Condoleezza Rice says U.S. is safer today than it was on 9/11

Condoleezza Rice says U.S. is safer now than it was on 9/11

The U.S. is safer today than it was 20 years ago, but it's not out of the woods, Condoleezza Rice said on the eve of the anniversary of the 9/11 terror attacks. 

"We are safer than we were on September 11, 2001, but we're not yet safe," Rice told "CBS Evening News" anchor and managing editor Norah O'Donnell on Friday. 

"We gave ourselves 20 years of peace when there was not another attack of anything like that scale where we developed intelligence assets on the ground," she continued. "But of course, it sad that on this day, the Taliban is back in Afghanistan and in control. I don't think it had to be that way, but it's bittersweet." 

Rice, the former national security adviser to President George W. Bush, cast doubt on the notion that the Taliban has changed in the last two decades and expressed concern that the group could allow al-Qaeda to rebuild itself in Afghanistan. 

"I don't believe that this is a new Taliban. They've never broken their bonds with al-Qaeda. We know that they're still deeply integrated. And so I think we have a real security challenge ahead of us to both keep an eye on and to degrade those capabilities without forces on the ground." 

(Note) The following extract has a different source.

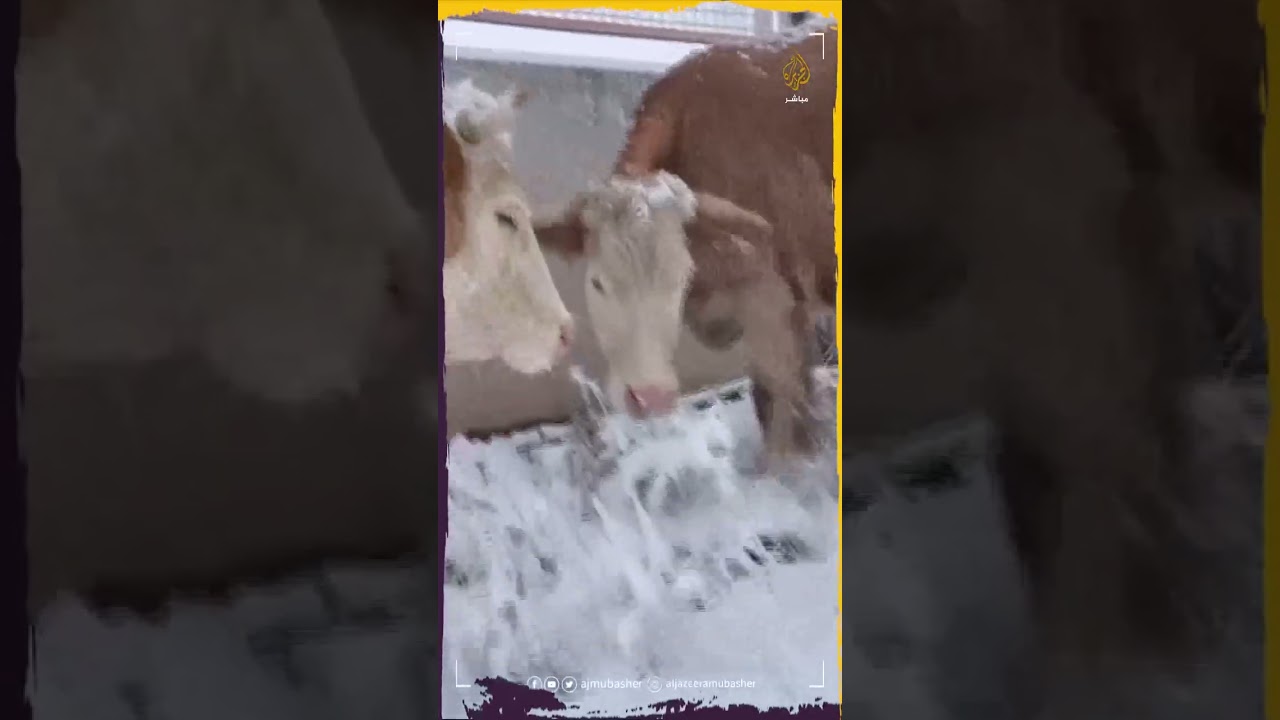 تساقط الثلوج على بعض المحافظات شمال وشرق تركيا
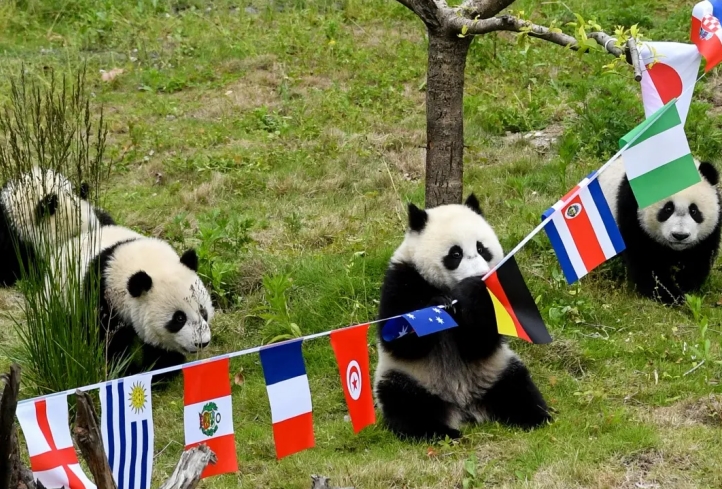 旅卡大熊猫与世界杯球迷见面（京京和四海）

If al-Qaeda reestablishes itself, she said, "then we've got a different kind of terrorist threat than we have currently." 

Rice was inside the White House on the day of the attacks. Reflecting on the tragedy, she said she wished the CIA and FBI had been "organized differently" so that it could better coordinate against threats. 

"Anybody who was in a position of authority on that day does feel remorse for what happened, that we could have seen it coming," she said. "I still believe that we did everything that we knew to do on that day. But by definition, we didn't know enough."